# Was sollte ein Notebook alles haben.



## Anonymous (14 Juli 2005)

Hallo.

Ich sollte für die Firma mich um ein Notebook kümmern.
Und nun meine Frage:
Welch Ausstatung sollte ein Notebook haben wenn es für S5 , S7 und ProToul benötigt wird.

Danke und schöne Grüsse


----------



## SPS Markus (14 Juli 2005)

Hi,

Bitte die "Suchen" Funktion des Forum verwenden.

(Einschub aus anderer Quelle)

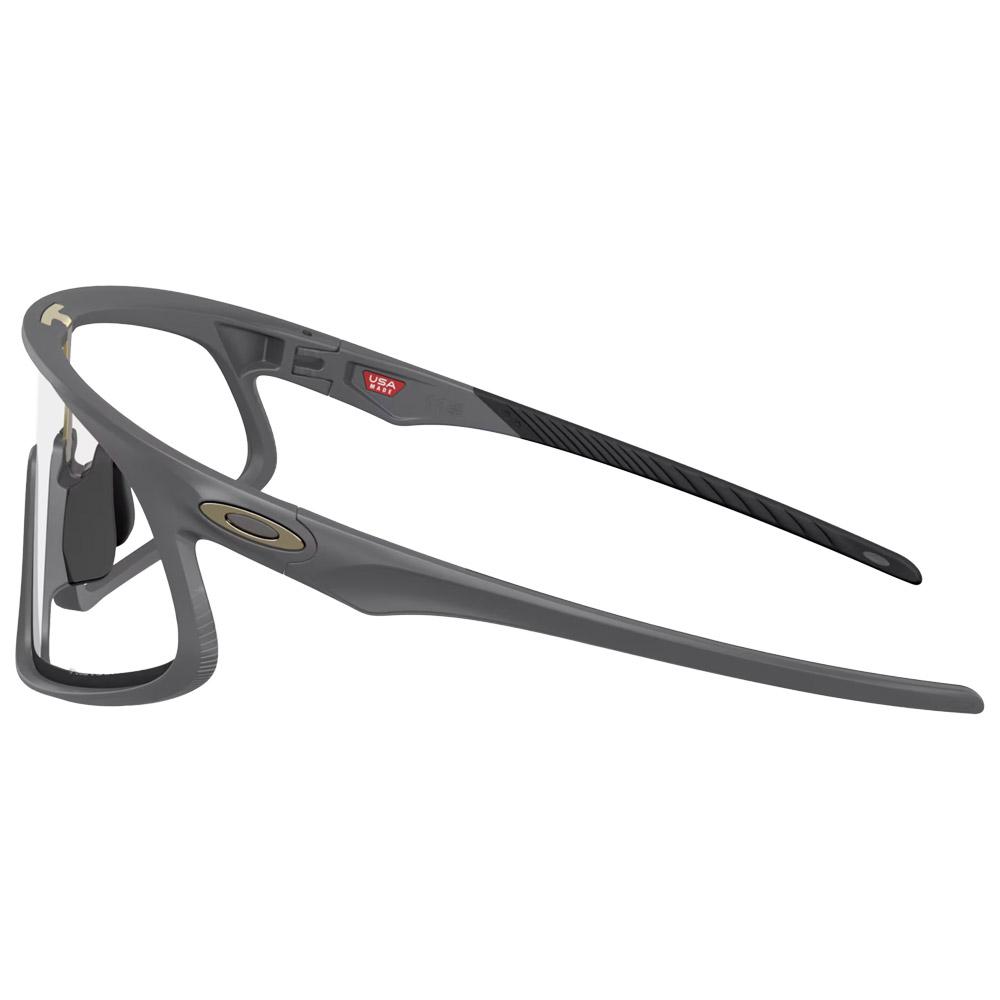 Lunettes de Soleil Oakley Rslv Matte Carbon Photochromic 948406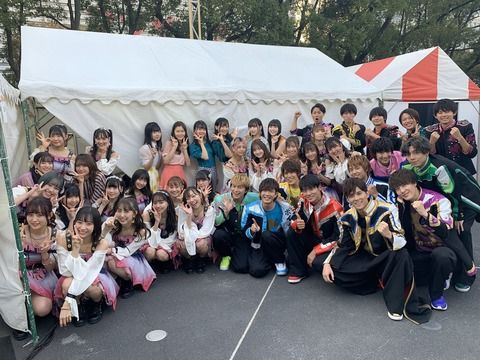 【悲報】SKE48メンバーが最強イケメン軍団に囲まれて満面の笑みを見せるwwwwwwwwwwwwwwwwww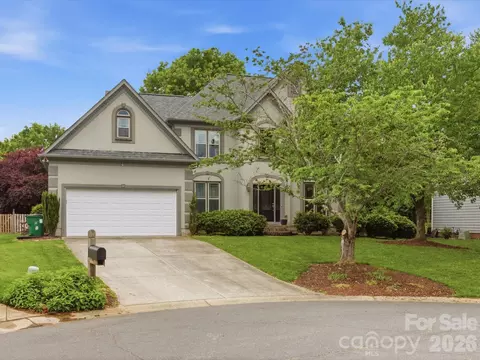 6909 Royce Ct, Charlotte, NC 28277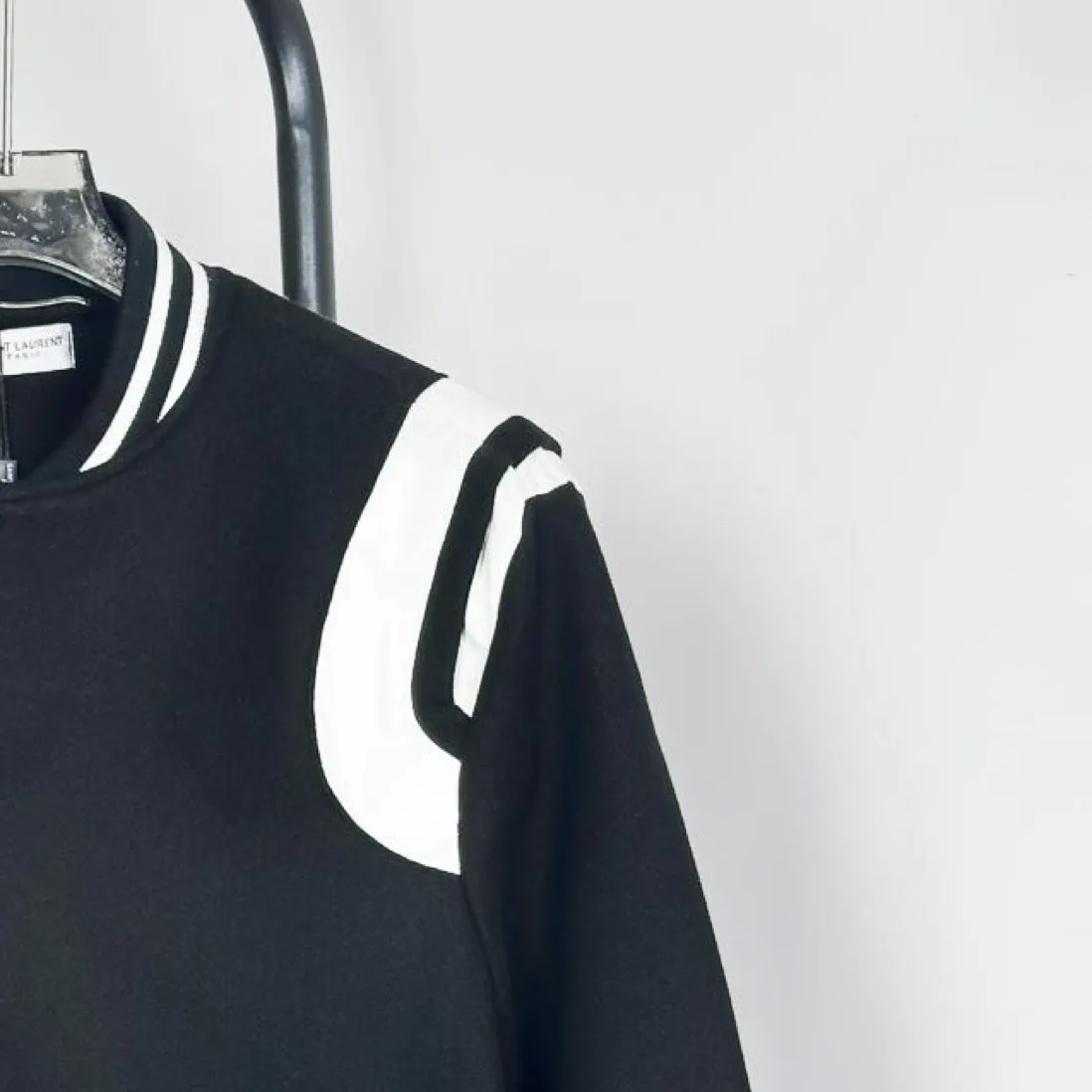 Куртки И Пуховики Женские Saint Laurent 18130420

Trag mal Notebook ein. 

Markus


----------



## Lars Weiß (2 August 2005)

Dell D610

mit 3 Jahren Vor-Ort-Service diesen Monat für 753 Euros zu haben !


----------



## MatMer (9 August 2005)

Wichtig ist wahrscheinlich die RS232 Schnittstelle die neuere Notebooks der günstigen Preiskategorie nicht mehr haben.
Und eigentlich sind die Notebooks die angeboten werden so ausgestattet das man sowieso nicht zu wenig haben kann, vielleicht lieber jetzt ein wenig mehr investieren und ein schnellers und besseres kaufen das dann auch ein paar Jahre ausreicht.


----------



## Heinz (9 August 2005)

Hallo,
ich halte folgensdes für wichtig:
1.) V24-Schnittstelle
2.) USB-Schnittstelle
3.) großes Display
4.) Viel RAM (min 512MB) 1GB wird schon häufig gefordert (Protool zwar noch nicht)


----------